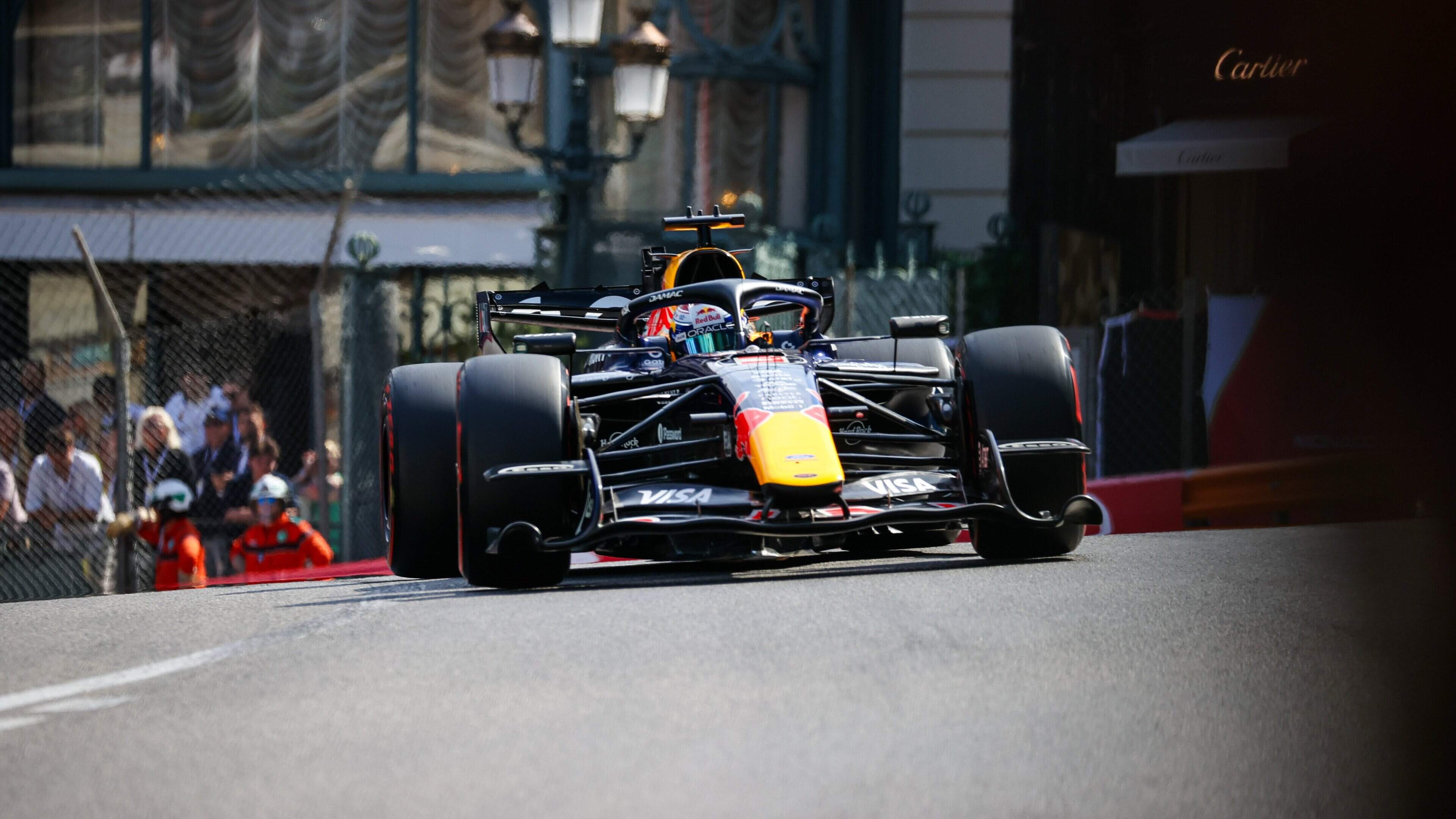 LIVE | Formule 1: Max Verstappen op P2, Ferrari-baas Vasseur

...

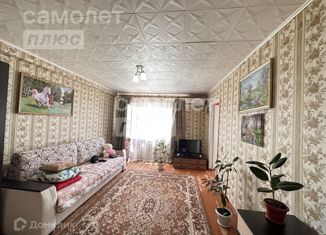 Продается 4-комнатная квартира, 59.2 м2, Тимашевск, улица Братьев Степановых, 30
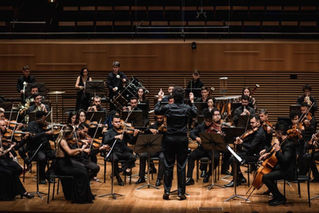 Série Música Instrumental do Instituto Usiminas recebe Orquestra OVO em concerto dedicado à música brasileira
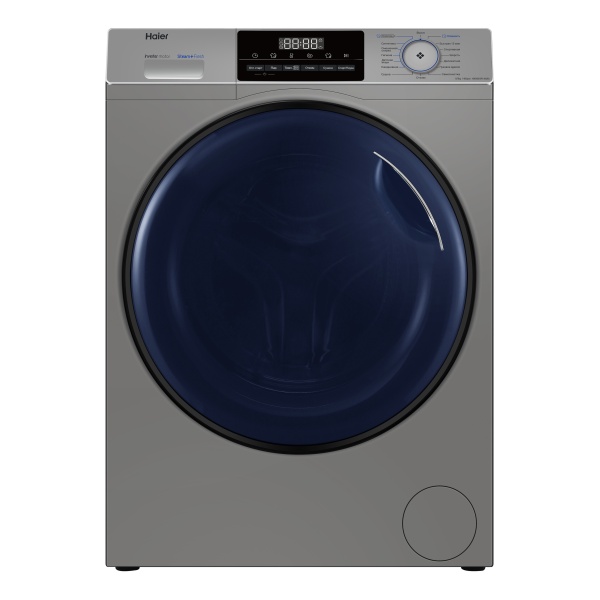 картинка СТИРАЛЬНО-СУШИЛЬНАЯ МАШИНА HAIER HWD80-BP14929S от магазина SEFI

Task requirements
Only the lines between the one with "Продается 4-комнатная квартира, 59.2" and the one with "картинка СТИРАЛЬНО-СУШИЛЬНАЯ МАШИНА", those two included, get copied from the material above. Keep it exact and free of pictures.

Result of this exercise
 Продается 4-комнатная квартира, 59.2 м2, Тимашевск, улица Братьев Степановых, 30
 Série Música Instrumental do Instituto Usiminas recebe Orquestra OVO em concerto dedicado à música brasileira
 картинка СТИРАЛЬНО-СУШИЛЬНАЯ МАШИНА HAIER HWD80-BP14929S от магазина SEFI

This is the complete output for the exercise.